## ACTIVITY
Below this line is a set of entries; quote exactly the lines from the line that contains "PROPORTION BODY DRESSING「シアー楊柳ラッフルブラウス　26SS」|シャツ・ブラウス|" to the line that contains "Cotton T-shirt with", both lines included.

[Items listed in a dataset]
━━━━━━━━━━━━━━━━
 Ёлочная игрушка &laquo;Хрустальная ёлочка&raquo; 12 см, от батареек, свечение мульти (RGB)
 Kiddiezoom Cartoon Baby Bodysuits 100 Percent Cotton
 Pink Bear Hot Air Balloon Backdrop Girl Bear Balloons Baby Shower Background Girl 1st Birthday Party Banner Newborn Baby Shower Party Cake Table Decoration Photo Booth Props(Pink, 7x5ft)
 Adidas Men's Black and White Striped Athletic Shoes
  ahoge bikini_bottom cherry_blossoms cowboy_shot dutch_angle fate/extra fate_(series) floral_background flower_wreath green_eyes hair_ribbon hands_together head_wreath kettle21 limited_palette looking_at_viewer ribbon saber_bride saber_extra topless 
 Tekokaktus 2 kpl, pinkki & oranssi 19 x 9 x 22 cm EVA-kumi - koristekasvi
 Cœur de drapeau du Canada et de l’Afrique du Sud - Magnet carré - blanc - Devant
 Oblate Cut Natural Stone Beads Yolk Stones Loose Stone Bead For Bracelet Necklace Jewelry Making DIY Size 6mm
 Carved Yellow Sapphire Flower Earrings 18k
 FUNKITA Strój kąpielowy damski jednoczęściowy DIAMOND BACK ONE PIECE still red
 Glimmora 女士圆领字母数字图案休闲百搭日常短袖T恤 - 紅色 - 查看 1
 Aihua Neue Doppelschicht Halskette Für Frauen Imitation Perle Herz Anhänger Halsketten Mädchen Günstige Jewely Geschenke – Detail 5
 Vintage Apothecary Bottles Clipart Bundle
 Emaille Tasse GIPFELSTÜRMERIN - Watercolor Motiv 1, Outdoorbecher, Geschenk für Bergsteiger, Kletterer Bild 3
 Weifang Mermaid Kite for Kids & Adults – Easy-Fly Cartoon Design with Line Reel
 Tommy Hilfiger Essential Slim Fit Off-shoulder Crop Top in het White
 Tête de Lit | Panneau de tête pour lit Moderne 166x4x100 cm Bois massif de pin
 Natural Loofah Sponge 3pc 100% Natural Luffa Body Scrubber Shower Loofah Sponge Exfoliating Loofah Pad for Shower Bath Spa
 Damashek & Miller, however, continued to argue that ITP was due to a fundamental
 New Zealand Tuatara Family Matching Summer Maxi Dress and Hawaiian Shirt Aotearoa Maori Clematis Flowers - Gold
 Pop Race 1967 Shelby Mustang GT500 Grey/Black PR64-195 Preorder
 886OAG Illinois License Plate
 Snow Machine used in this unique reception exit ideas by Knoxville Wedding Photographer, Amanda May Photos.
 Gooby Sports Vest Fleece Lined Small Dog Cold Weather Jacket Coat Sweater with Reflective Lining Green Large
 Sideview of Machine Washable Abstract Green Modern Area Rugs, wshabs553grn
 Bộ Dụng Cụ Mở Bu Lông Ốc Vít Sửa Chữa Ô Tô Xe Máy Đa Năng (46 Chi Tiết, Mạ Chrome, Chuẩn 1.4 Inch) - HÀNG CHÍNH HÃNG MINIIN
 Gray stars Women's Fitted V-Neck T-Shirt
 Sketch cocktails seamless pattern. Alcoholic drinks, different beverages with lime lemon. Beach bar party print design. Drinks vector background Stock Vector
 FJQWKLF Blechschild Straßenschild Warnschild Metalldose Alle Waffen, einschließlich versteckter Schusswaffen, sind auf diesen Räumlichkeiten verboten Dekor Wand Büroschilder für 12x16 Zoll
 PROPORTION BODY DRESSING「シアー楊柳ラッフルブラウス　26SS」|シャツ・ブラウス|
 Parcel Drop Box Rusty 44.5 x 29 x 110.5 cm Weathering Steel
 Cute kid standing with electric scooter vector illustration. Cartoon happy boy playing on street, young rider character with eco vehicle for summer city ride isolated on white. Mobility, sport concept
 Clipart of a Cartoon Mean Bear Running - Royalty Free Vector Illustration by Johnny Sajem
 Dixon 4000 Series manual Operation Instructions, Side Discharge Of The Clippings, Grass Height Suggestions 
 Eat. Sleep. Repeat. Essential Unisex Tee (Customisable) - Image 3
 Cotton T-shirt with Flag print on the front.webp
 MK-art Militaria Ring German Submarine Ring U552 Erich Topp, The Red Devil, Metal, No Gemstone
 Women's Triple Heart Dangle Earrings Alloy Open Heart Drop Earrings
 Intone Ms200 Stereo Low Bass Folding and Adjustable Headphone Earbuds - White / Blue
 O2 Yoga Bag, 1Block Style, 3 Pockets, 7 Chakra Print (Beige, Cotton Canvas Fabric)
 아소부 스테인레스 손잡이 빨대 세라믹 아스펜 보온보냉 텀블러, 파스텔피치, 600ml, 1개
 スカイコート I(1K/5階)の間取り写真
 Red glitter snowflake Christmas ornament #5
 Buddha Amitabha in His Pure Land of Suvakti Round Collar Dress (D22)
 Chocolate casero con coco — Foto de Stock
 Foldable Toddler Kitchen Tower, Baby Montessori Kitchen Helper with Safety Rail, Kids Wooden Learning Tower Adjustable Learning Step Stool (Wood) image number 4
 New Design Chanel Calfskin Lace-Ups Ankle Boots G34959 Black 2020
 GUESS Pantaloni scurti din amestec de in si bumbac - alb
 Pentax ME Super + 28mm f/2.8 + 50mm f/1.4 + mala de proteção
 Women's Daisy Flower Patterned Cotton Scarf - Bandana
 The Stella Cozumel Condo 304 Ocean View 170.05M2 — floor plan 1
━━━━━━━━━━━━━━━━
## RESULT FOR THIS EXERCISE
 PROPORTION BODY DRESSING「シアー楊柳ラッフルブラウス　26SS」|シャツ・ブラウス|
 Parcel Drop Box Rusty 44.5 x 29 x 110.5 cm Weathering Steel
 Cute kid standing with electric scooter vector illustration. Cartoon happy boy playing on street, young rider character with eco vehicle for summer city ride isolated on white. Mobility, sport concept
 Clipart of a Cartoon Mean Bear Running - Royalty Free Vector Illustration by Johnny Sajem
 Dixon 4000 Series manual Operation Instructions, Side Discharge Of The Clippings, Grass Height Suggestions 
 Eat. Sleep. Repeat. Essential Unisex Tee (Customisable) - Image 3
 Cotton T-shirt with Flag print on the front.webp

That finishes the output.